Babic Srdjan, Mitrasinovic Anka, Gajin Predrag, Ilijevski Nenad, Radak Djordje
Department of Vascular Surgery, Institute for Cardiovascular Disease Dedinje, Belgrade, Republic of Serbia.
Ann Vasc Surg. 2011 Jul;25(5):701.e5-8. doi: 10.1016/j.avsg.2011.02.009. Epub 2011 May 5.

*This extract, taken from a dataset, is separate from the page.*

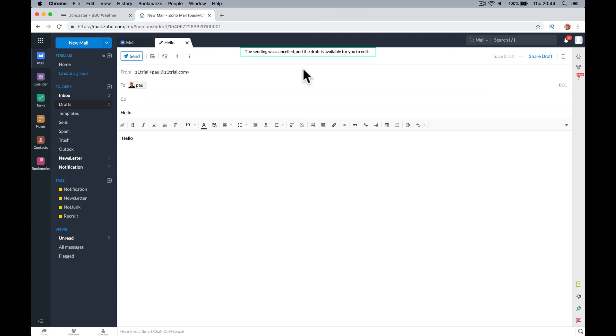So a good little feature they've just added. I'm guessing people have asked, saying they've accidentally clicked send or done something. But always good to see they're adding features and trying to keep people happy, isn't it?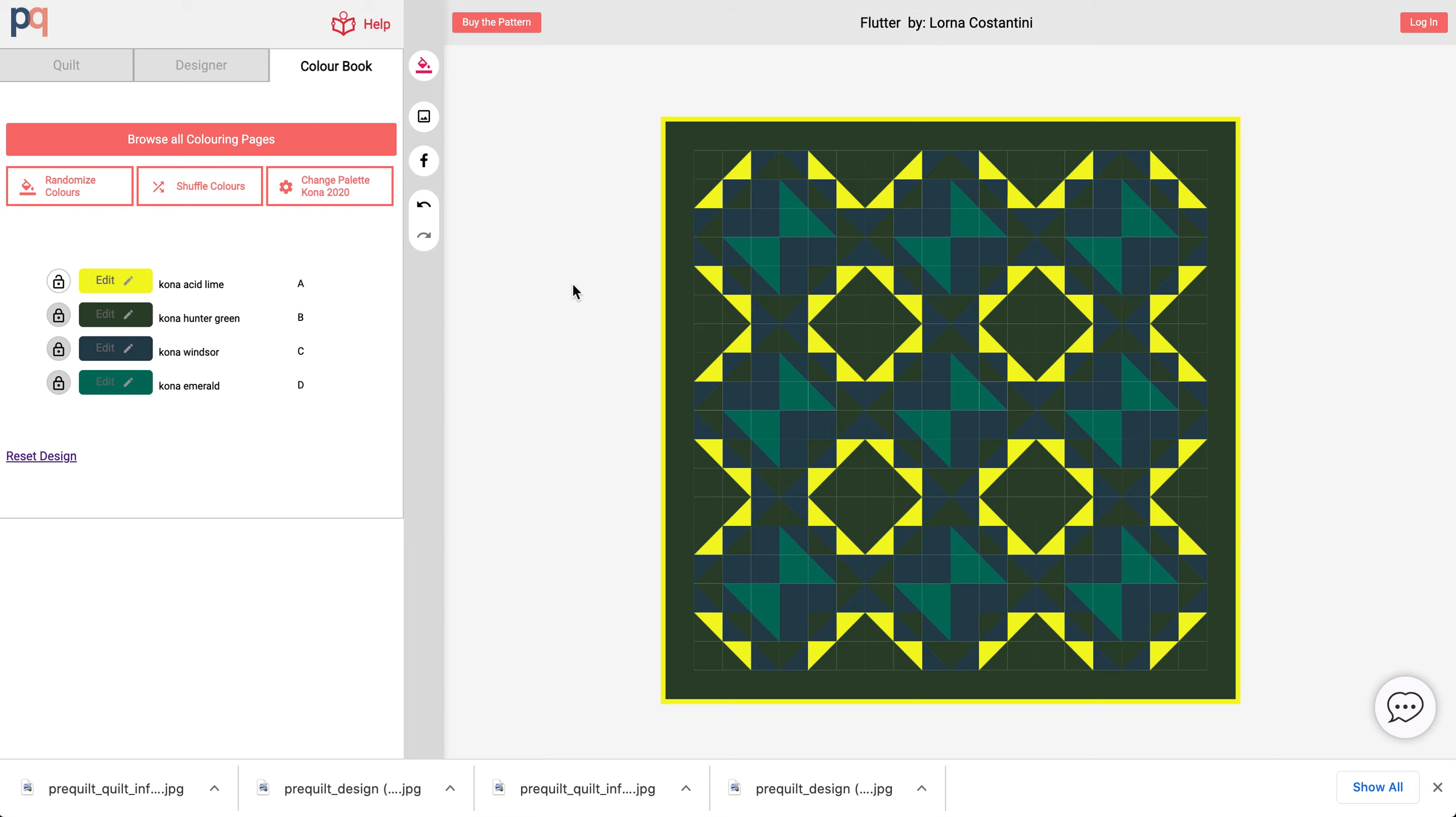If I upgrade to one of the paid accounts, I could then save this design to my account and continue to work on it later on. I could also import printed fabrics.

Unlike high-grade stenosis, dissections of craniocervical arteries are a rare cause of cerebrovascular infarction. If the internal carotid artery (ICA) dissection is verified by duplex scanning or computed tomography angiography (CTA), the therapies of choice are antiplatelet and anticoagulation drugs, and surgical treatment is rarely performed. However, despite distinct clinical and radiological manifestation, carotid dissections are still under-recognized. In this study, we demonstrate the case of a 66-year-old man with dissection of ICA verified by duplex scanning and computed tomography angiography. The cause of missed diagnosis was an ascending pharyngeal artery originating from the ICA that runs parallel to it. Other than being a rare variation, this case may be interesting as a cause of misdiagnosis.
与重度狭窄不同,颅颈动脉夹层是脑血管梗死的罕见病因。如果经双功扫描或计算机断层血管造影(CTA)证实为颈内动脉(ICA)夹层,首选治疗方法是抗血小板和抗凝药物,很少进行手术治疗。然而,尽管有明显的临床和影像学表现,颈动脉夹层仍未得到充分认识。在本研究中,我们展示了一例66岁男性患者,经双功扫描和计算机断层血管造影证实为ICA夹层。漏诊的原因是一支起源于ICA并与之平行走行的咽升动脉。除了是一种罕见的变异外,该病例作为误诊原因可能很有意思。